CD Kritik Progressive Newsletter Nr.61 (01/2008)

Hugh Hopper - Numero D'Vol
(64:23, Moonjune Records, 2007)

Zu Hugh Hopper fällt mir vor Soft Machine seltsamer Weise zuerst stets Isotope ein. (Wo das Herz voll von ist...) Davon jedoch ist der Bassist seit langem weit entfernt. Auf "Numero D'Vol" pflegt der stets mit buntem Hemd und bunter Kappe auftretende, längst weißhaarige und konzentriert-nachdenklich ins Off blickende Bartträger experimentellen Jazz/Jazzrock, der nicht nur im Titeltrack ungemein wohlige Melancholie und verträumte romantische Stimmung entspannt, dennoch vor, gebremster, Energie und avantgardistischer und äußerst experimenteller Freakigkeit vor allem in Richtung Jazz, aber auch in kernigen Rock nicht zurückschreckt und sich nie müde oder ausgebrannt zeigt.
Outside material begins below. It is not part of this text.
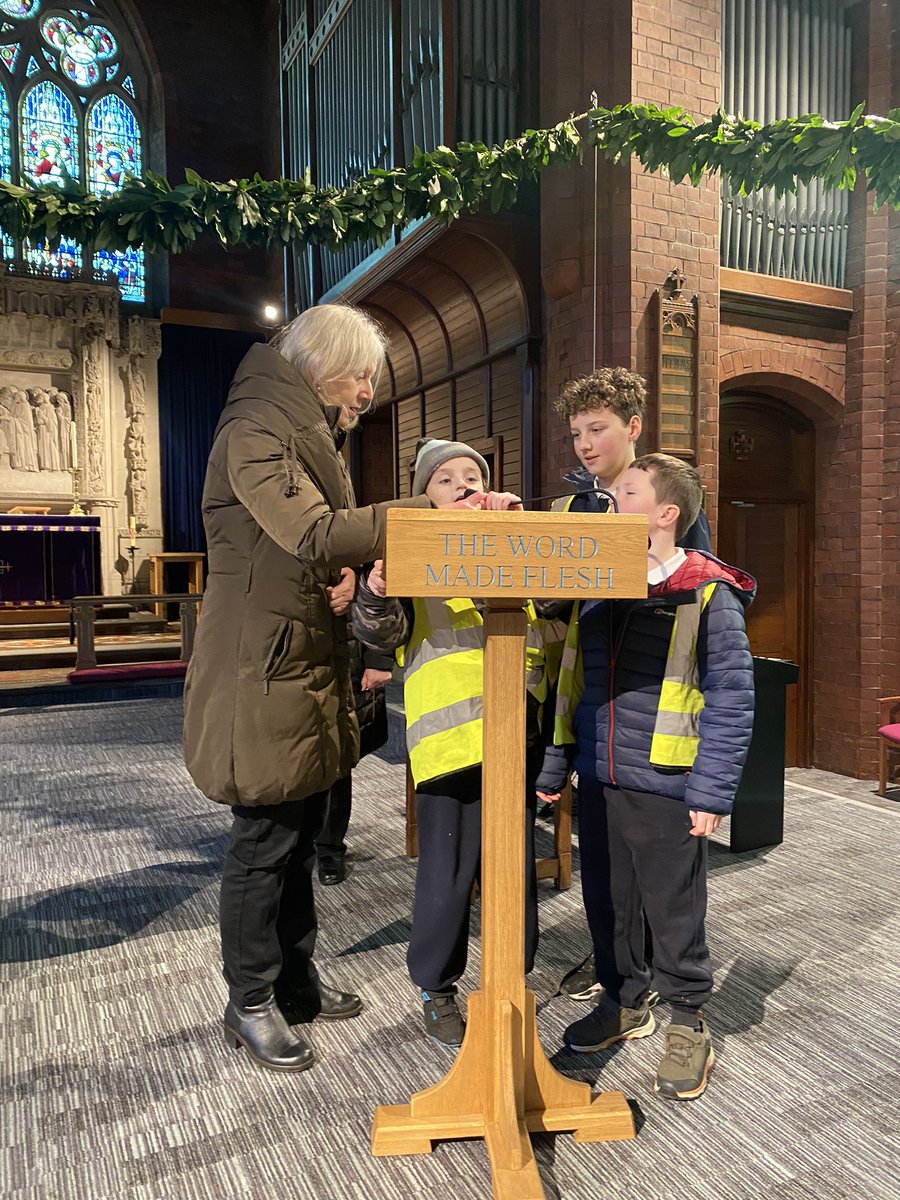 Foxes_RCP's tweet photo. We enjoyed a trip to Holy Trinity church this morning to consolidate all our learning about Christianity this term ⛪️ https://t.co/pA9B6TKTD8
Aus den Stücken, die Hopper (el-b, loops) mit Simon Picard (sax), Steve Franklin (keys) und Charley Hayward (dr) unter soundtechnisch brillanten Bedingungen eingespielt hat, sprechen große Kreativität und handwerklich geübte Inspiration. Die 11 zwischen zweieinhalb und neuneinhalb Minuten langen Songs wurden im Delta Studio in Canterbury, UK, eingespielt, was einen passenden Namen ins Geschehen bringt. Die Songs sind deutlich rockbezogener als vieles, was Hopper in seinen diversen Engagements gespielt hat, viel weniger rocktypisch jedoch, was Isotope oder Mittsiebziger Soft Machine an grandiosem Musikmaterial produzierten. Das angejahrte Quartett scheint sich die Herausforderung "experimentell" an die Studiowand gesprüht zu haben. Zwar ist die Lautstärke niemals wirklich im herausfordernden Bereich drohend zu spüren, aber die ausgeflippte und schräge Ausarbeitung der von Hugh Hopper komponierten Tracks lässt keine Wünsche offen. Alle vier Musiker, so klingt es, spielen ganz entrückt ihre eigene Melodie, was zusammen nicht immer als Harmonie zu hören ist. Die abstrakten Läufe sind jedoch, anders als im Freejazz, kein Angriff auf den Hörsinn, sondern ein erstaunlich zurückhaltender und in dieser Freiheit verblüffend fein ziselierter Sinn für originelle und ungewöhnliche Harmonien. Wenn das Werk einer bestimmten Zeit zuzuordnen ist, dann gelingt das am ehesten dem Klang nach, und der Verbindung zwischen Rockdrumming und Jazzmelodieren. Diese Platte könnte auch 1977 eingespielt worden sein, jedoch nicht in den popbetonten, musiktoten Achtzigern. Welch Glück, dass abstrakte Musikkunst zwischen Jazz und Rock heute seine ganze ungebremste Vitalität ausdrücken und abstrakte Energie freilassen kann, dank Hugh Hopper und seinen kongenialen Partnern. Unbedingt reinhören!